* WHAT TO PRODUCE
Could you copy exactly the lines below, beginning at the line with "AIG AGENCY AUTO TRAINING CONNECTION" and stopping after the line with "院長 院長 塩川 滋達の写真", with no pictures?

* ENTRIES PROVIDED
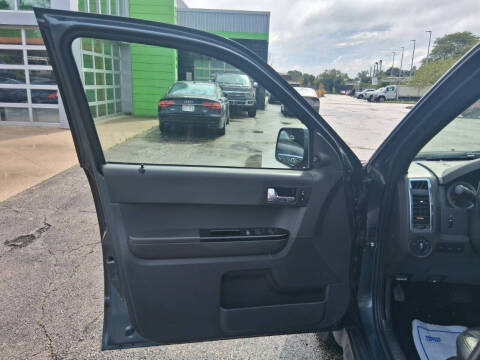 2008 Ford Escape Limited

--

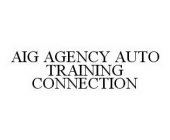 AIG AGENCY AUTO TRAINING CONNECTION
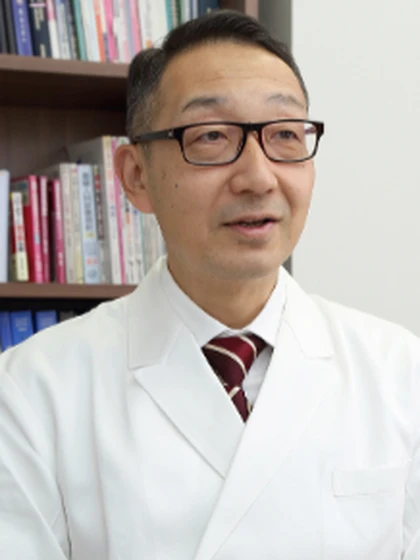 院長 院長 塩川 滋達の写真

* TASK RESPONSE
 AIG AGENCY AUTO TRAINING CONNECTION
 院長 院長 塩川 滋達の写真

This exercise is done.